The deadpan, satirical nature of her work is stretched tautly as a subtle underlying line running throughout Lee’s world of the post-industrial grotesque. In response to the insufficiency of language and passivity of the spectator, French avant-garde dramatist Antonin Artaud conjured up the extreme image of an abscess, an allegorical body part for his theater of cruelty in order to “drain” or purge the destructive sensations that society has taught us to repress. Just like the automatic spasms of Carriers, the constant shifting of forms is a spectacle to the viewer, which takes the connection beyond what can be consolidated only through verbal language. Instead, Lee looks to create a vortex of industrial noises and convulsions to a point where things unravel in a breakdown of aesthetic distance, forcing the viewer to engage the work on an instinctual level.
Beyond populating exhibition spaces with her automatons, Lee has also engaged with projects that intervene directly into building sites. Hysteria, Elegance, Catharsis; words were never enough (2018) is a large-scale commission featuring a rare use of bright-orange silicon oil to color a plastic membrane for two large components placed inside of a large warehouse. The main component was rigged like a carcass hung from the beam, shifting in subtle movements caused by a gentle wind, while the other part of the work writhed around on the ground. In Saboteurs (2019), a similar gesture is undertaken into a former appliance turned electric car factory, this time with the work motorized and rigged to rotate vertically. Both works sit within and embed themselves into an economy of production that pushes the parameters of sculpture to an industrial size. Experienced at this scale, I’m intrigued about future directions that Lee could potentially take as the works interact on a level that intersects with the psychogeography of a city.
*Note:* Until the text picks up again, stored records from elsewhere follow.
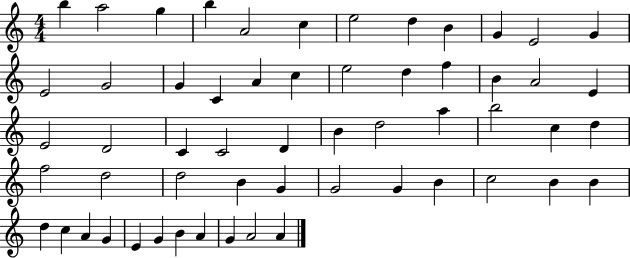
{
  \clef treble
  \numericTimeSignature
  \time 4/4
  \key c \major
  b''4 a''2 g''4 | b''4 a'2 c''4 | e''2 d''4 b'4 | g'4 e'2 g'4 | \break e'2 g'2 | g'4 c'4 a'4 c''4 | e''2 d''4 f''4 | b'4 a'2 e'4 | \break e'2 d'2 | c'4 c'2 d'4 | b'4 d''2 a''4 | b''2 c''4 d''4 | \break f''2 d''2 | d''2 b'4 g'4 | g'2 g'4 b'4 | c''2 b'4 b'4 | \break d''4 c''4 a'4 g'4 | e'4 g'4 b'4 a'4 | g'4 a'2 a'4 | \bar "|."
}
In her recent solo exhibition Look, I’m a fountain of filth raving mad with love at the Museum für Moderne Kunst, Frankfurt, she reveals a new fascination with concrete mixers. Stepping into Lee’s exhibition environments are like stumbling into the archaeological site of an alien, B-movie set. Through forms of metonymic play, the mixers’ rotating mouths are stuffed with a range of plastic entrails, condensing their primary work function into a series of makeshift gargoyles. As suggested in her titles, which use words such as “saboteurs,” “complicits,” and “liars,” many of her works are tethered loosely to a broad spectrum of influences to channel complex behavioral patterns, which often surface during extreme events of trauma or violence. Through a process akin to the resurrection of zombies, her automatons seem to retain only the faintest connection to memories from their previous life. In this vision of the grotesque, Lee has created a theatrical style of interrogating the darkest depths of contemporary life, demonstrating how quickly the seemingly banal innocence of its machinery can reveal a hidden inverse of depravity and dystopia.